## What the task requires
Retype the lines below exactly, from the one that contains "Natural Tiger Eye Pendants G-H279-06B-P-1" through the last, and leave every picture out.

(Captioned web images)
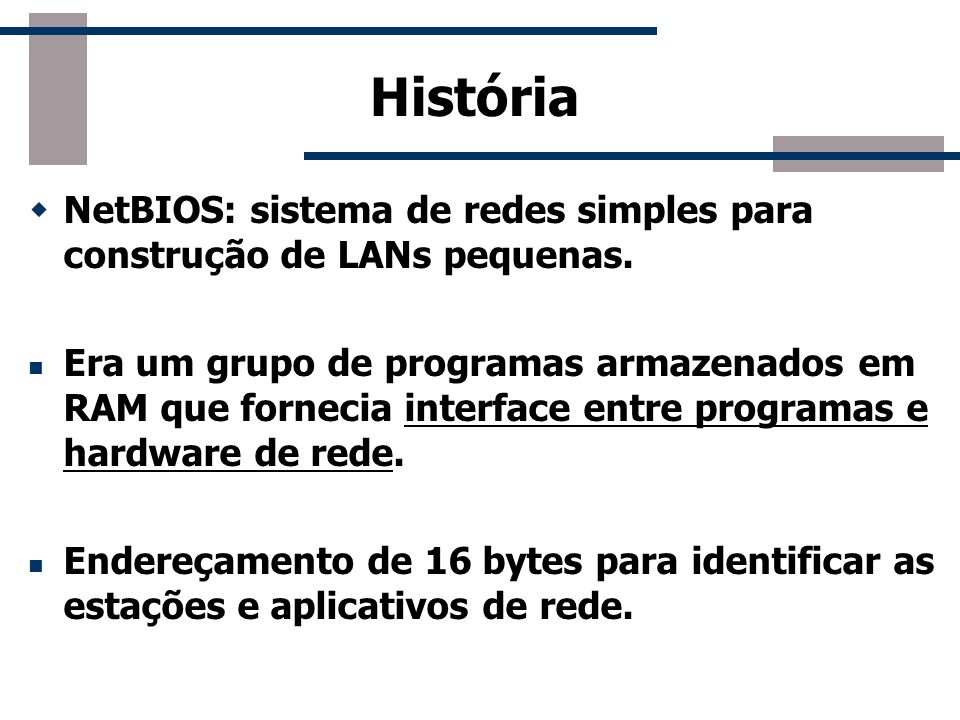 História NetBIOS: sistema de redes simples para construção de LANs pequenas.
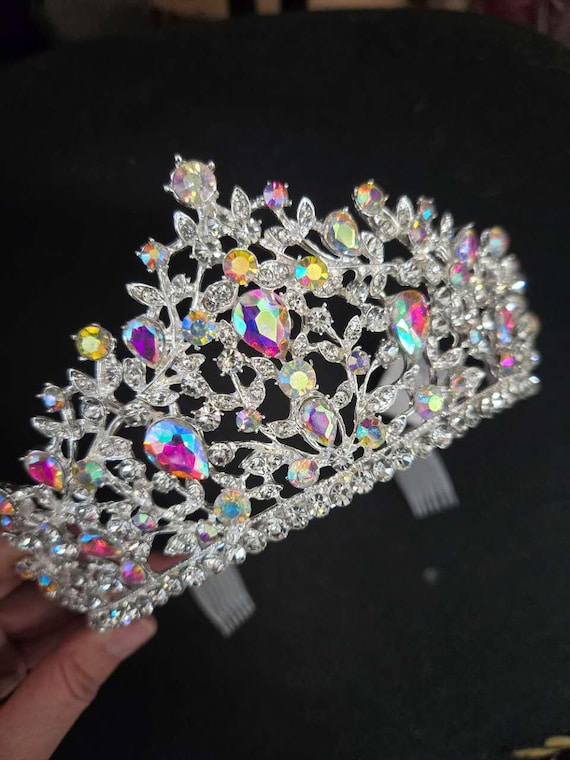 Silver tiara gold pink purple Crystal Rhinestone Happy Birthday Tiara Crown Comb for Cake Topper / 21st 30th 40th 50th wedding party tiara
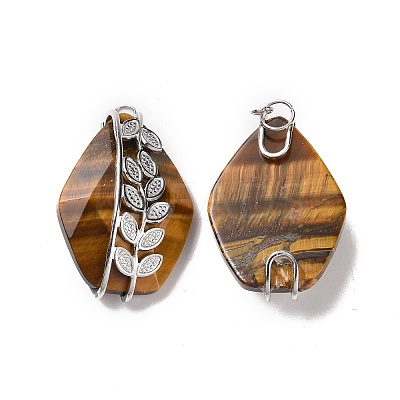 Natural Tiger Eye Pendants G-H279-06B-P-1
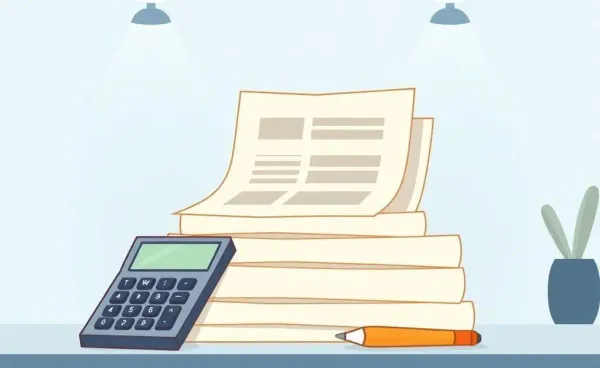 Illustration of financial documents and calculator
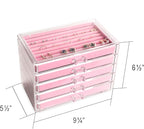 Frebeauty Extra Large Acrylic Jewelry Box for Women 5 Layers Clear Jewelry Organizer Velvet Earring Box with 5 Drawers Rings 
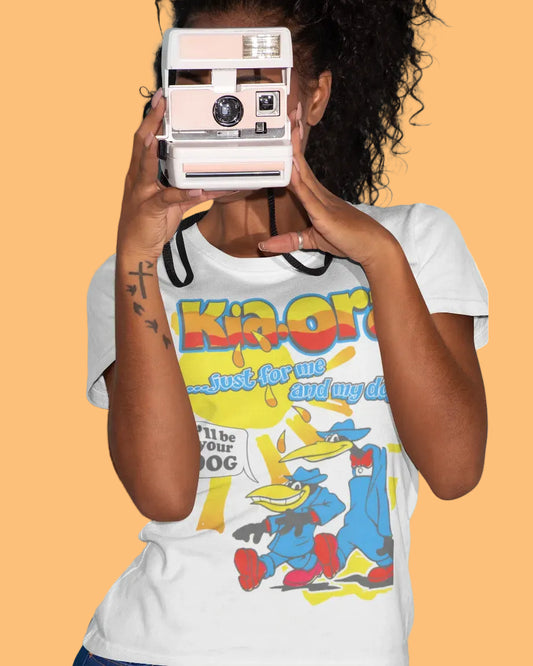 Women’s white Kia-Ora retro drinks advert T-shirt shown worn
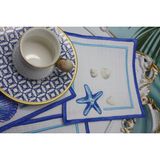 Nakışkonsept Deniz Ayıldızı Desenli Kokteyl Peçete 6lı - 15 x 15 cm - Saks Mavi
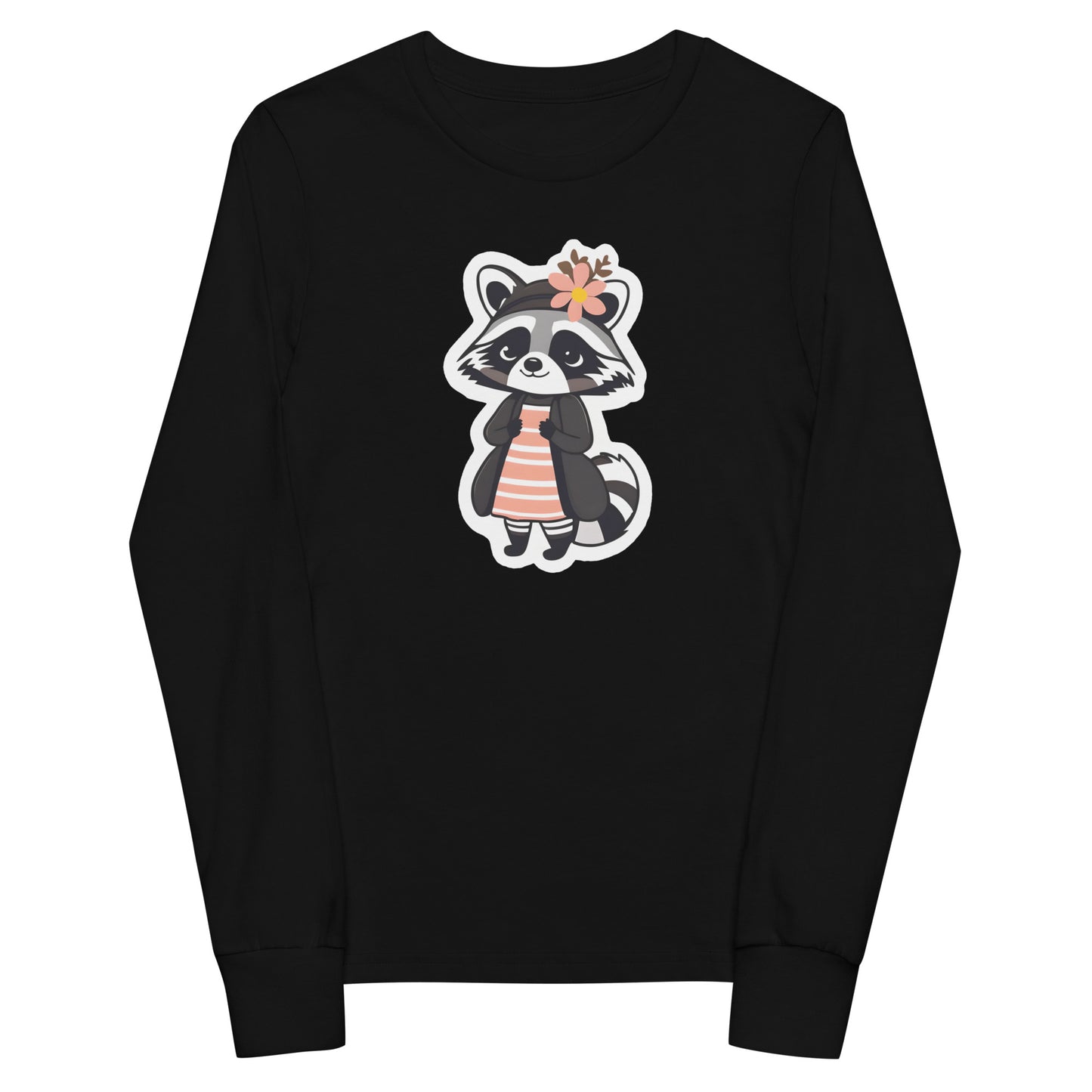 Racoon Girl Youth Long Sleeve Tee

## Final answer
 Natural Tiger Eye Pendants G-H279-06B-P-1
 Illustration of financial documents and calculator
 Frebeauty Extra Large Acrylic Jewelry Box for Women 5 Layers Clear Jewelry Organizer Velvet Earring Box with 5 Drawers Rings 
 Women’s white Kia-Ora retro drinks advert T-shirt shown worn
 Nakışkonsept Deniz Ayıldızı Desenli Kokteyl Peçete 6lı - 15 x 15 cm - Saks Mavi
 Racoon Girl Youth Long Sleeve Tee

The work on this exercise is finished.